S. Siliopupulos presented the “pro” side of catheter-based therapy for acute high iliofemoral DVT. He stated that it’s safe, with no intracranial or fatal bleedings in all major trials, and effective in reducing the magnitude of PTS symptoms and improving quality of life. He attributed RTC controversies to suboptimal design, older technologies, and less experience. S. Konstantinides presented the “con” side of this topic. “It’s not about if it’s generally a nice thing, it’s about if its safer and more effective than anticoagulation alone… don’t forget, we’re recommending it to the broad medical community, not to the most specific hospital in the country. It has to be feasible in an adequate number of facilities.” He concluded that we are ‘not there yet’ and that there are simply too many questions left unanswered.

Other talks in the session focused on a “pro” stance on thrombolysis-based DVT treatment, and arguments for and against DVT for intravenous drug-users, for which there are many social considerations, but few solid pieces of clinical evidence to rely on. The session ended with a panel discussion.

Management of chronic lower extremity venous occlusion

The afternoon continued with a fundamental course on the management of lower extremity venous occlusion. M. Finas started the session out with a lecture on pre, peri, and post-procedural imaging. S. Lojo Lendoiro followed with an EBIR recommended talk on unilateral iliofemoral venous occlusions. She led viewers through what is considered chronic in venous obstructions, and which patients make the best candidates for endovascular treatment. She noted that treatment of asymptomatic patients is not supported by evidence and that quality-of-life improvement is a primary endpoint, before walking through technical considerations and causes of occlusions, such as May Thurner syndrome.

H. Jalaie continued with valuable information on IVC reconstruction, including the classifications of the different IVC occlusions based on inflow, procedural aspects, and the integration of IVC removal into IVC reconstruction. He concluded with the points that patient selection should be based on inflow, not on the severity of the cava pathology, and that experience in variable recanalization techniques and tricks is essential.

L. Hofmann closed out the session with a talk on the who, what, when, why and how of femoropopliteal venoplasty. He presented two exemplary cases with technical details, discussed his own findings, and explained a treatment regimen for femoropopliteal chronic venous occlusions. “Take home points – this really, really helps patients,” he concluded.

Mission impossible – there are no veins left!

The venous deep dive day concluded with an excitingly titled case-based discussion, “Mission impossible – there are no veins left!”

Moderated by D. Sze and U. Salati, this session featured specific presentations of difficult hepatic, ICV, and transrenal cases, as well as a presentation from M. Guimares on extreme recanalization of central veins.  Throughout these presentations, audience members had the opportunity to participate in live polls as to what they would do in each specific case. The results of the polls did not always agree with the presenter, illustrating the multifaceted considerations for each case and leading to interesting discussions with the audience at the end of the presentations.

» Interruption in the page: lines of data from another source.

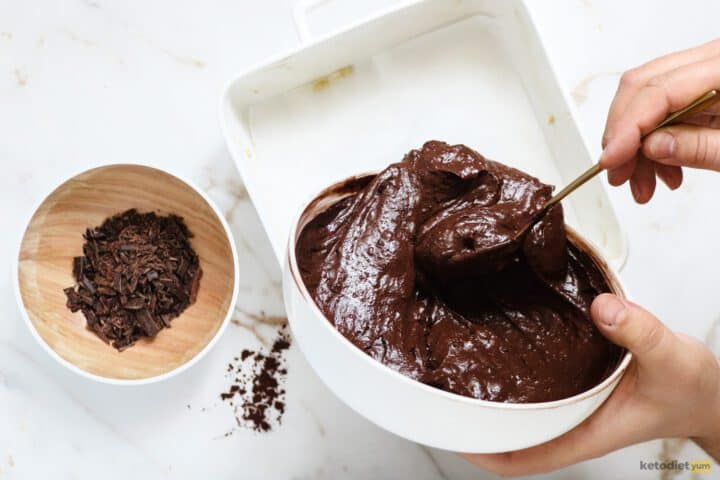 Pouring brownie batter into a baking pan with a bowl of chopped chocolate
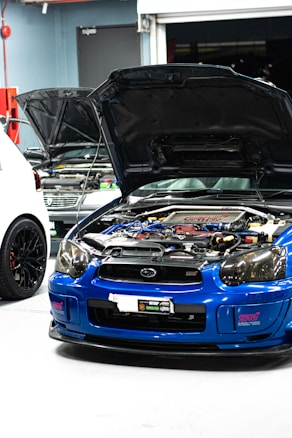 A blue sports car with its hood open reveals a complex engine inside a garage. Two other cars are partially visible, with one car being white and the other grey. The environment has a garage door slightly open and various tools and equipment typical of an auto repair or tuning shop.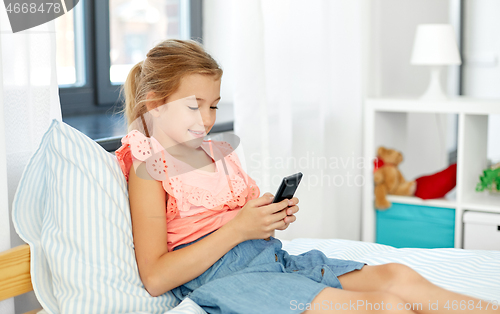 Image of girl using smartphone sitting on bed at home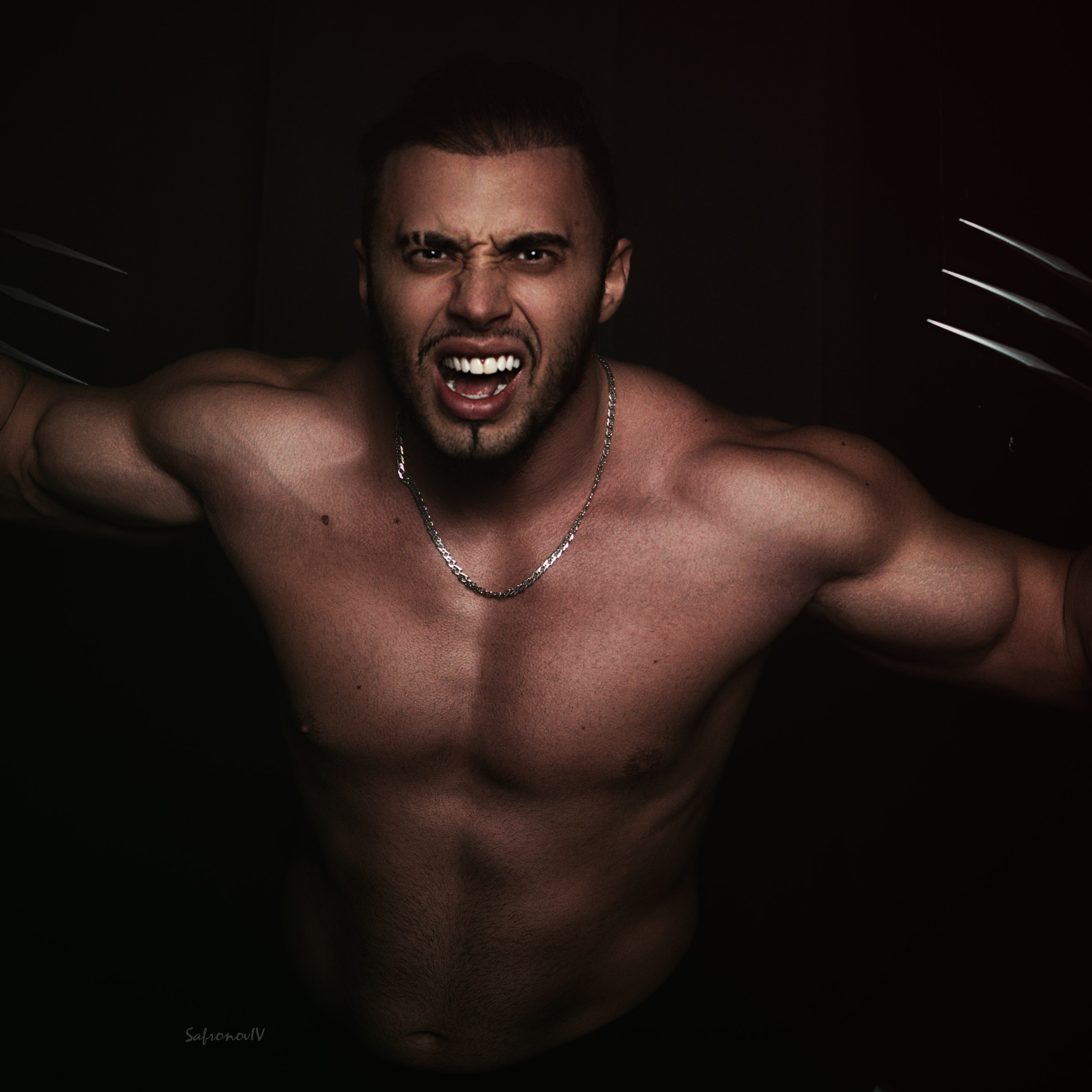 На изображении представлен мощный и драматичный портрет мужчины с обнажённым торсом, который демонстрирует впечатляющую физическую форму. Его лицо выражает ярость и агрессию, а металлические когти на руках добавляют образу фантастический и устрашающий элемент. Освещение подчёркивает рельеф мышц и создаёт эффектный контраст между светом и тенью, что делает снимок особенно выразительным. Ключевые слова: портретный фотограф в Москве, фотограф Сафронов Иван, художественная фотография, драматический портрет, мускулистый мужчина, когти, свет и тень.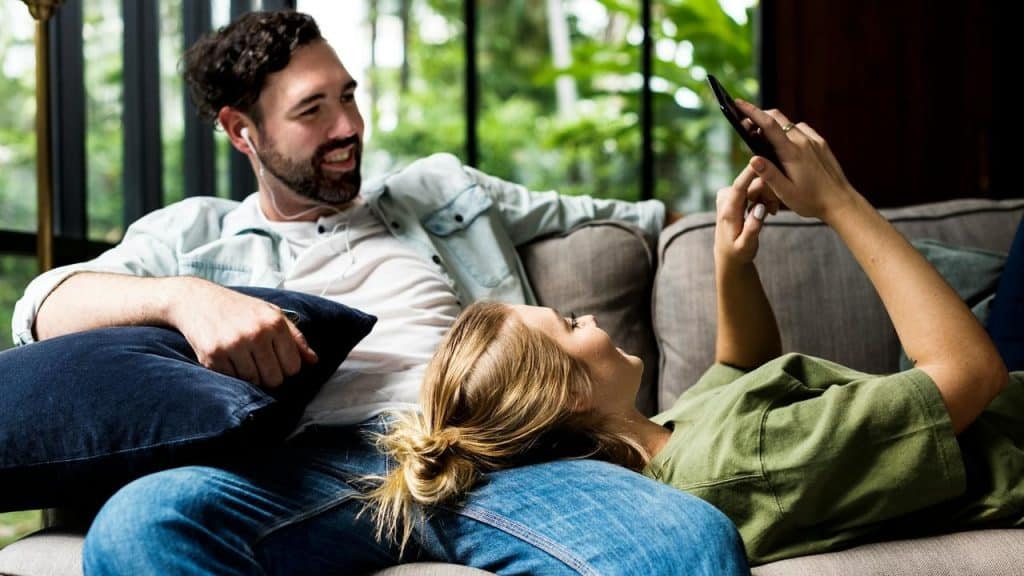 A couple relaxing on a couch while one person looks at a smartphone.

Getting hands-on with venous devices

The venous deep dive day was complemented by a set of venous-focused hands-on device trainings. The morning started with a session led by C. Althoff and D. Tuitte giving attendees the opportunity to explore central lines and ports. After lunch, two sessions on percutaneous arteriovenous fistulas took place under the direction of P. Kitrou and G. Falcone. Concurrently, K. Minhas and J. Adu coordinated two training sessions on venous access in small children, underlining the need for education in adapting IR techniques to treat our youngest patients.